The Court concurs that the allegations that No Brainer would involve plaintiff in
business transactions is insufficient to state a cause of action.
Plaintiff shall file and serve its Second Amended Complaint not later than Friday, May
16, 2014. The responsive pleading shall be due filed and served 10 days later (15
days if service is by mail).
The minute order is effective immediately. No formal order pursuant to CRC Rule
3.1312 or further notice is required.
Item 27 2013-00151849-CU-BC
2Smart Entertainment, Inc. vs. Deon Taylor Enterprises, LLC
Nature of Proceeding: Motion to Compel 1. Form Interrogatories 2. Compliance
Filed By: Brettler, Andrew B.
Defendant No Brainer, Inc.’s Motion to Compel Verified Responses to Form
Interrogatories and Production of Documents is GRANTED, as set forth below.
Defendant’s request for imposition of sanctions is GRANTED, in part. The plaintiff’s
request for imposition of sanctions is DENIED.
The notice of motion does not provide notice of the Court’s tentative ruling system as
required by with C.R.C., Rule 3.1308 and Local Rule 1.06(D). Local Rules for the
Sacramento Superior Court are available on the Court’s website at
ordered to notify opposing party immediately of the tentative ruling system and to be
available at the hearing, in person or by telephone, in the event opposing party
appears without following the procedures set forth in Local Rule 1.06(B).

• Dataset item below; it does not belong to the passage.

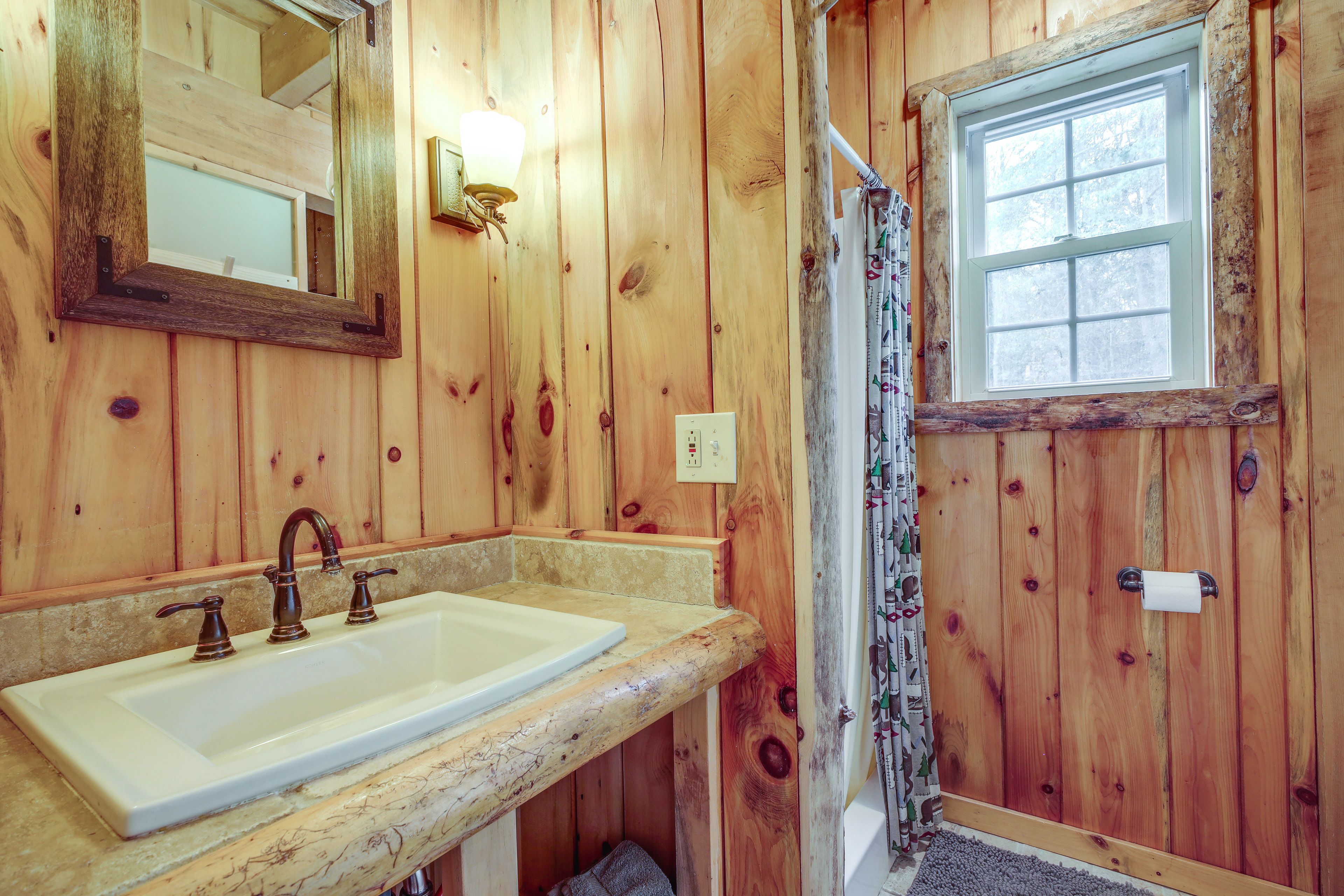 Full Bathroom | Towels Provided | Complimentary Toiletries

Defendant served plaintiff with written discovery on Feb. 10, 2014. Responses were
due 30 days from the date of service. On March 17, 2014, 2Smart served unverified
written responses to the form interrogatories and a written response to the Request for
Production of Documents, but failed to provide the documents it had agreed to
produce.
Unverified responses “are tantamount to no responses at all.” Appleton v. Superior
Court (1988) 206 Cal. App. 3d 632, 636. “A separate statement is not required when
no response has been provided to the request for discovery.” C.R.C., Rule 3.1345(b).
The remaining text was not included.